脳や心身を休ませるためには、快適な睡眠をとることも欠かせません。快適な睡眠をとることにより、ストレスをやわらげることが期待できます。

快適な睡眠とは、朝気持ちよく目覚めることができ、日中に眠くなることがないような睡眠を指します。

快適な睡眠をとるための方法には、以下が挙げられます。


▼快適な睡眠をとる方法

  • 早寝早起きを心がける
  • 15分程度の昼寝を取り入れる


睡眠は一定の時間をしっかり確保するということも重要ですが、質のよい睡眠をとることも大切です。質のよい睡眠をとるためには、リラックスした状態で眠れるように、部屋の照明を消して、快適な温度や湿度に保つことがポイントです。

出典:厚生労働省 こころの耳『e-ラーニングで学ぶ 15分でわかるセルフケア』/スマート・ライフ・プロジェクト『質のいい睡眠で、カラダも心も健康に。


④没頭できる趣味を見つける

セルフケアでは、仕事から開放されて没頭できる趣味を見つけることも大切です。趣味を介して知り合った人たちと関わることで、仕事以外の人間関係を広げることができます。

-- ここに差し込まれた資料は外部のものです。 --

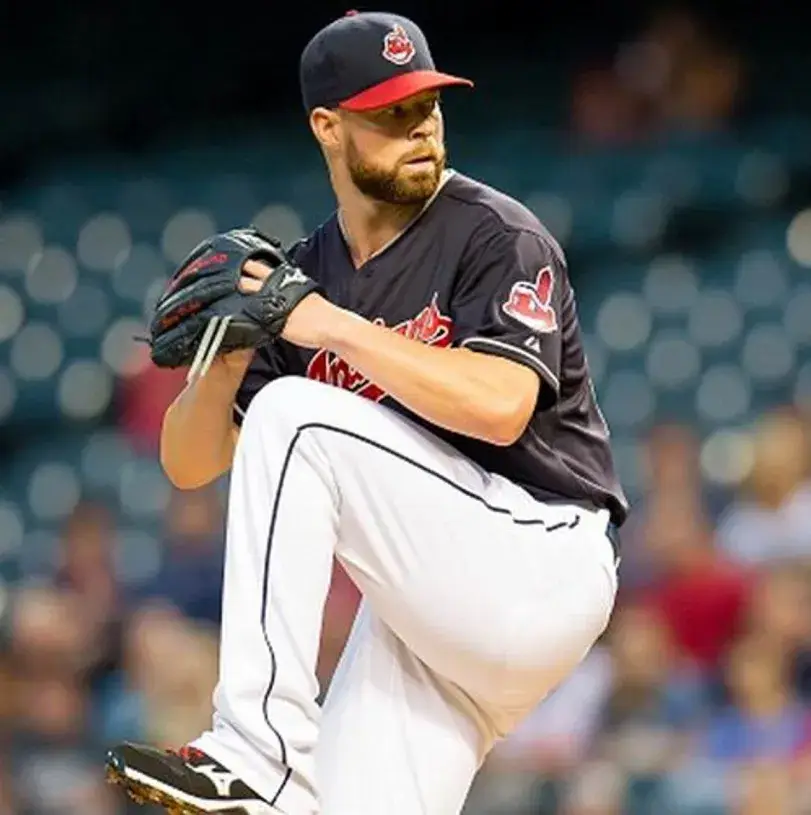 COREY KLUBER Cleveland Indians 1970’s Majestic Cooperstown Throwback Jersey 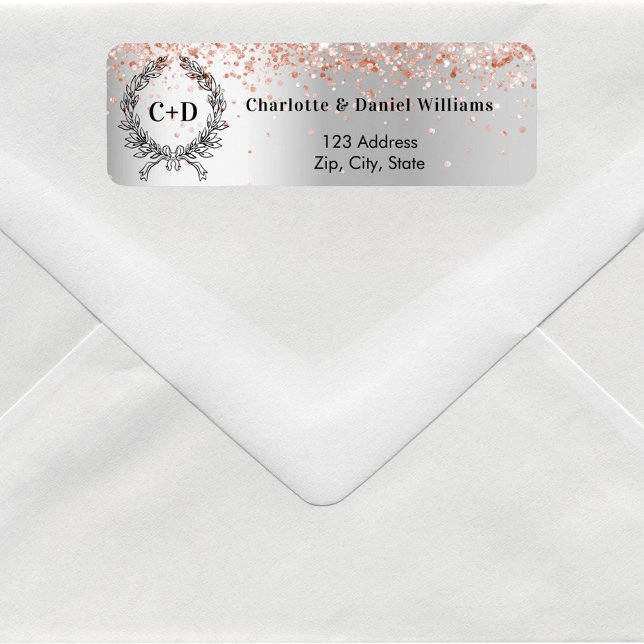 Silver rose gold initials wedding return address label (Creator Uploaded)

自分の好きなことができる時間を大切にすることで、仕事への意欲を高めたり、心のよりどころにもなったりすると考えられます。

また、できるだけ仕事から距離のある趣味を選ぶことで、仕事のことを忘れて没頭しやすいといえます。

出典:厚生労働省 こころの耳『e-ラーニングで学ぶ 15分でわかるセルフケア


⑤意識してよく笑う

笑うという行為には、ストレスによって乱れた自律神経のバランスや、免疫を正常に整える作用が期待できます。よく笑うことは、心を軽くして、周りの人たちとよい関係を築くことにもつながります。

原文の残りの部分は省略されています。